Give Me Back My Bones!, by Kim Norman, and cleverly illustrated digitally by Bob Kolar, has to be one of the best books to teach the anatomy of our body all while being fun and entertaining. The wordplay and rhyming text are perfectly matched with the clever creative underwater scenes with funny bug-eyed fish. There’s a pirate at the center of this biological story who’s trying to locate his bones. Every page brings about more bone parts (labeled of course) for his body. The front end-pages display all of the bones of the body leveled and in an organized scattering. The final end-pages show the pirate skeleton all put together. There’s a poster also included.
Ginny Goblin Cannot Have a Monster for a Pet, by David Goodner, and perfectly illustrated with gouache, pen and ink by Louis Thomas, is the perfect read-out-loud because the narrator is involved with Ginny’s predicament and invites the listener to participate. This type of narration makes for a fun and inviting involvement into the story and youngsters will beg to have it re-read again and again. Ginny’s decision to want goats is dissuaded by the narrator who tells her they are “stinky, and it takes a lot of work to take care of them”. But what Ginny comes up with will have youngsters howling – especially at the end.
The Right One for Roderick, by Violeta Nay, has a very small ghost, Roderic, attempting to be just a little different from the rest of his ghost family. They are all much taller than him and they all wear white sheets. He tries wearing a hat or scarves but finds it just doesn’t fit what he’s looking for. What he does discover is that complying within the boundaries of a good life is what he really desires. That discovery was worth his exploration. The pictures are bright and completely fill the pages and were crafted digitally.

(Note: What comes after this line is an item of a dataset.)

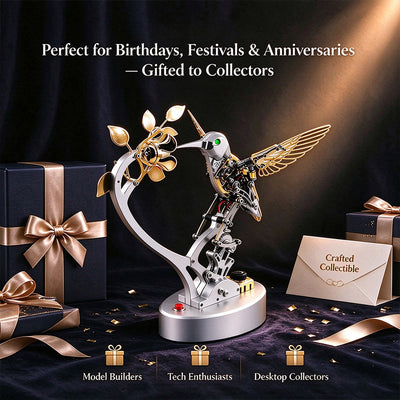 TECHING Mechanical Hummingbird 3D Metal Model DIY Kits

Hide and Seek, by Katie Moss Green, is an over-sized picture book that conveys the muted colors of greens and blues created with graphite and charcoal to present a nighttime gathering. As a large hanging moon shines, twin girls leave their picture framed and hung on the wall. When the rest of the children in their framed pictures discover they are left behind, they also leave in search of the twins. The atmosphere of the beautiful pictures fills each double page. This creates an enchanting and eerie mystery. There is just enough – and not too much – to spook the reader.

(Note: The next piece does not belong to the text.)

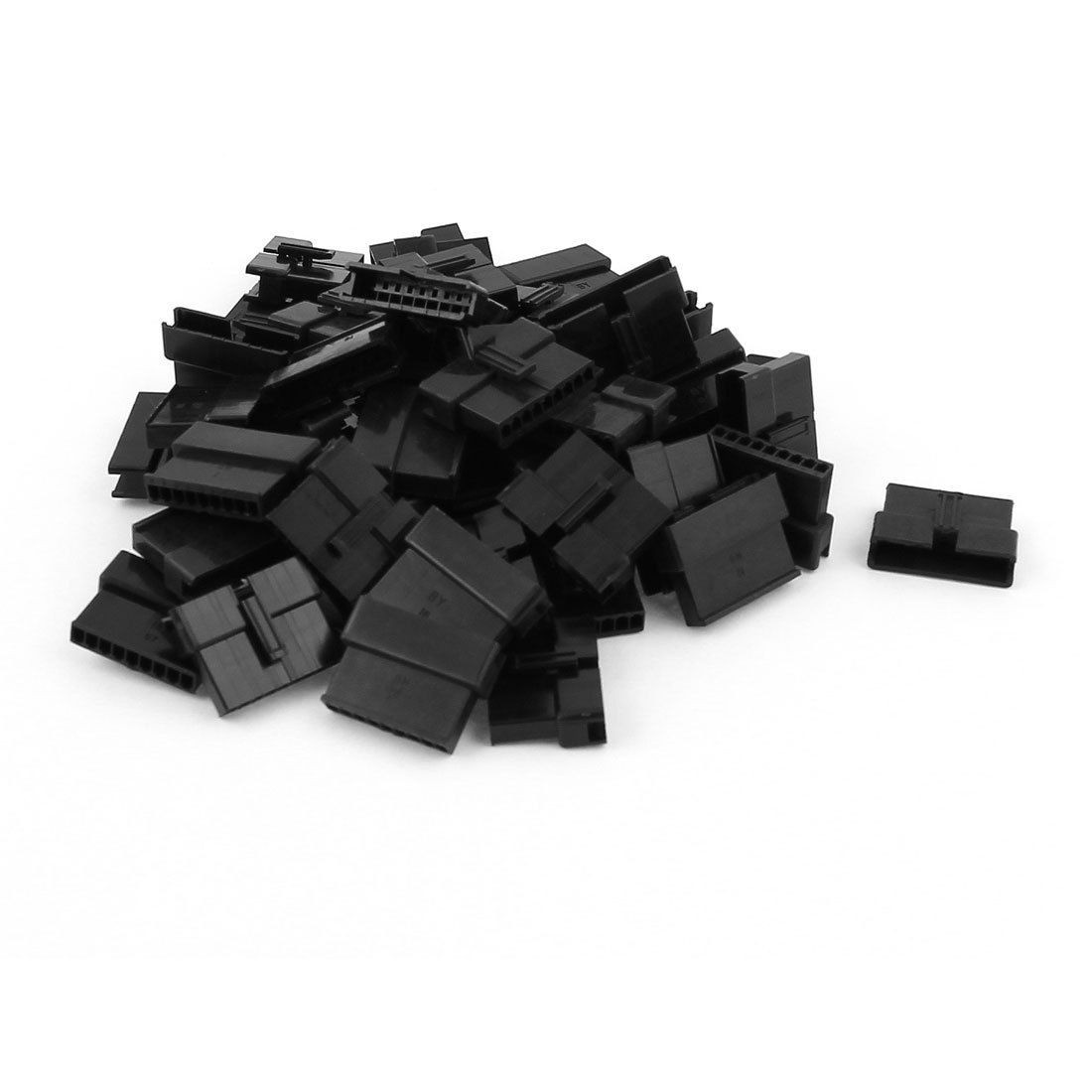 50pcs Plastic SM 2 54mm Pitch Female Housing for 9 Pin Crimp Terminal Connector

Clever Little Witch, by Muon Thi Van, and nicely painted with acrylic, gouache and colored pencils by Hyewon Yum, has little Lion dealing with a big problem. She loves being a magical witch. She has almost everything she needs including a wonderful broomstick and a magical pet mouse. But now she has a baby brother who cries way too much. She tries everything in her magical powers to get rid of him. But the biggest surprise waits just for her in the end!